The modern working world had made a joke of the gritty, glittering “cyber” future William Gibson once imagined, and now it was attempting to sell it back to us.
Fuckin' nothing glitters in Gibson's writing.
None of his nine novels has been set in a world that requires the annihilation of our own to make narrative sense.
Argument made by Bruce Sterling as early as 1984, when none of his one novel was set in a world that required the annihilation of our own.
I routinely found myself wondering: What was the point? Why we were investing so much energy in this fictional future, this increasingly alien world of tech implants and floating cities and exciting angular haircuts, when it’s hard enough to live in the present on $7 an hour?
We aren't. The author describes a driftwood curio mercado corner of the world built on fetishization of dead tech. The otaku kids haven't been relevant, well, ever.
Reading early Gibson today is fascinating in the way that collecting vintage watches would be fascinating: one is struck by a sense of time stilled and held in the hand, of possible futures frozen and suspended as technology brings new ones into being.
Is that why the author lampoons the speech in a painfully-overwrought attempt at Gibsonization?
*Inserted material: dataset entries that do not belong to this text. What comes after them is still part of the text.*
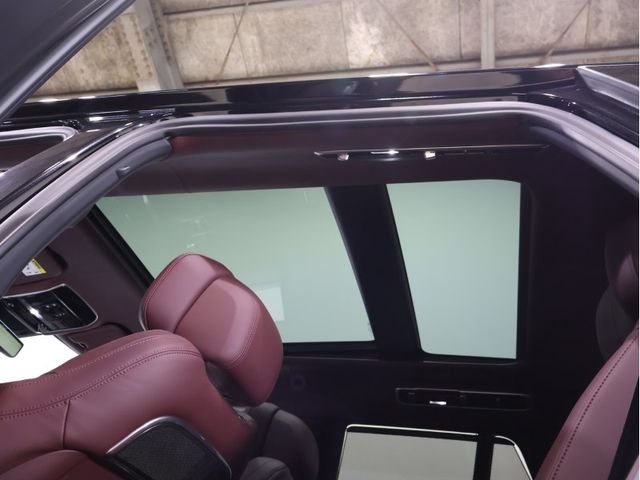 ROVER RANGE ROVER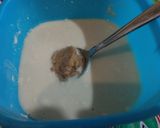 Foto langkah ke 2 dari resep Ayam Goreng Tepung (Fried Chicken) Crispy Homemade Simpel Mudah.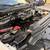 2018 FORD F350 SD DRW CREW CAB F 350 *UTILITY SERVICE TRUCK* CREW CAB UTILITY SE 23 thumbnail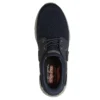 Skechers Slip-ins Relaxed Fit: Arch Fit Orvan – Starport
Check it:
Everything about this book is existentially absurd.
But then, so are you, reading these words through the damp flesh meniscus of the eyes you were born with, from a backlit screen skinning a device that contains more computing power than the first moon shuttle. So am I, writing them on my smartphone on a rattling New York subway train deep underground. What we’re doing right now is patently absurd, splendidly quotidian and unlikely, and yet this is how we communicate, you and me.
"Damp flesh meniscus" is a phrase used by a mediocre writer attempting to ape a better one.